One potential goal of communication is to move a factual idea from your head to my head, something about the state of the world.
A different goal of communication is to implant a feeling in my mind, making me feel happy or angry or sad or worried.
Often, these two goals are compatible, and capable speakers/writers can accomplish both more often than the average person.
When you prioritize the second goal, specifically for negative emotions, at the expense of the first, you engage in "weaponization of language". That is, using words to propagate emotions regardless of how inapplicable their meaning might be to the given situation.
If there are people who are helped by emotions being attached to those words, you are hurting them. If there are people helped by effective communication of the ideas connected to those words or connected to the words that would better convey the idea you have in mind, you are hurting them.
Most frequently encountered example: You are upset about being touched in a societally reasonable way, such as a tap on the shoulder on the subway to get your attention about blocking the door. You choose to describe the other person as a "consent violator". You did not choose this phrase because you expect it to convey the most accurate picture of what happened to people who hear you. You chose this phrase because you are angry and you expect it to be most effective at transferring that anger to the people who hear you. In making this choice, you are hurting victims of actual consent violations (i.e. the things that typical people think of when you say "consent violation"). You are watering down the words, so later when one of those actual victims uses these words to describe their situation, the listener will give it less weight. You are hampering every future discussion of consent and violations by adding an additional degree of uncertainty.
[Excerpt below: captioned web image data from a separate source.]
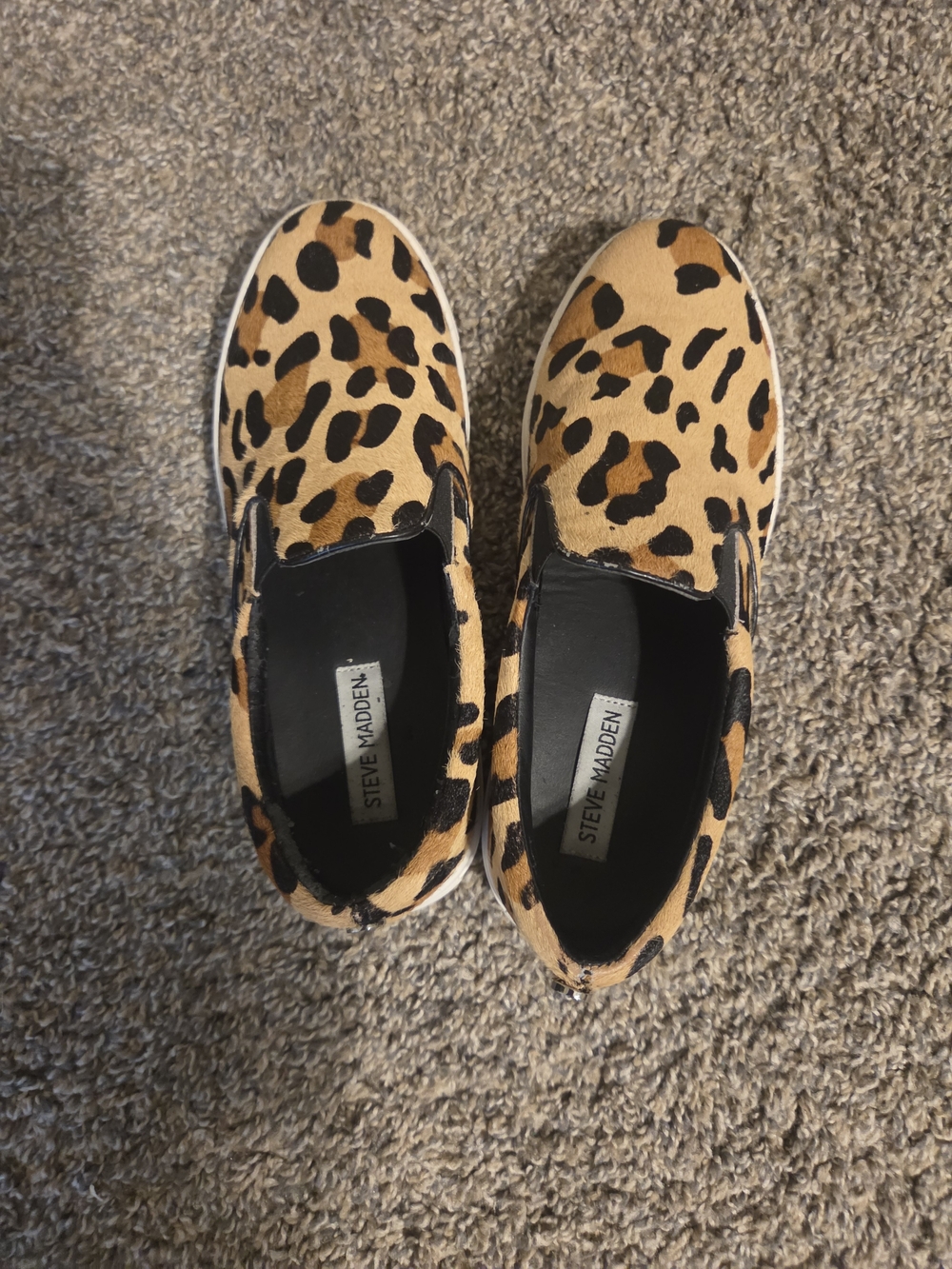 Steve Madden Womens Leopard Slip-On Sneakers, Size 7.5 - Tan & Black, Cow Hide,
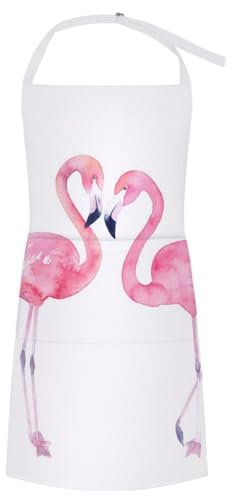 NYKVTG Delantal De Cocina Flamenco Delantal De Barbacoa Impermeable Con Bolsillos Para Hombre Mujer 70×80cm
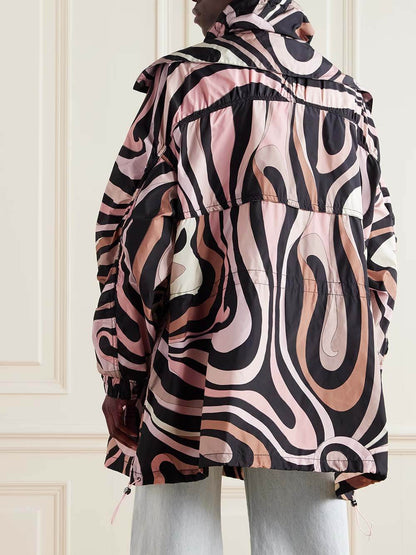 Unique Pattern Print Oversized Loose Jacket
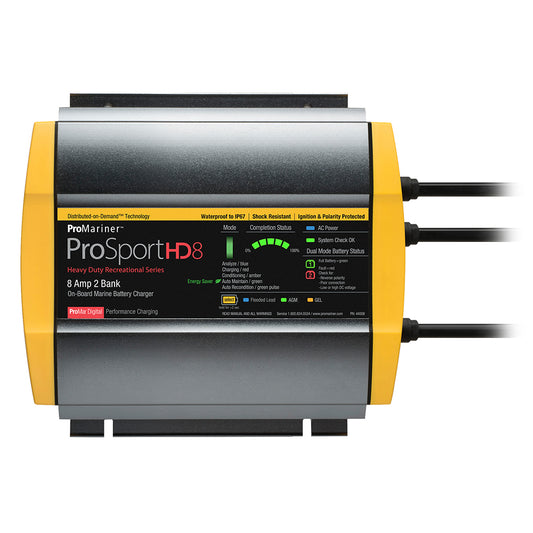 ProMariner 44008 ProMariner 44008 ProSport HD Waterproof Marine Battery Charger, 8 Amp, 2 Bank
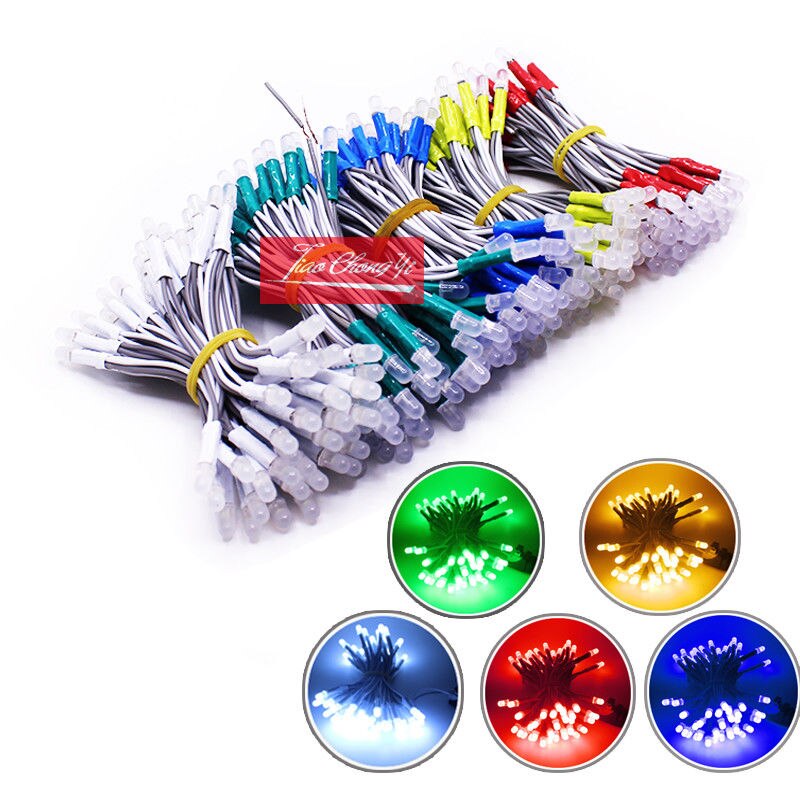 Module lumineux LED 5mm 5V, blanc, rouge, vert, bleu, rose, jaune, Pixel, lumière exposée, féerique, étanche, 1 lot/50 pièces, 2 lots/100 pièces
More recent less common example: "misgendering". When you use this word you know that you are evoking emotions associated with someone using "she"/"woman" to refer to a transgender man, or vice versa, or increasingly now using gendered words to refer to a nonbinary/genderneutral person. Most people do not think that "e" and "they" and "ze" are different genders, just different words for referring to nb/gn-ness. Using "misgendering" to refer to the situation where I use "they" instead of "ze" is detrimental to all future discussion about issues around gender and pronouns, and devalues the pain and struggle of transgender individuals who are frequently actually misgendered.
If you don't want to cause those outcomes, you should refrain from engaging in this behavior.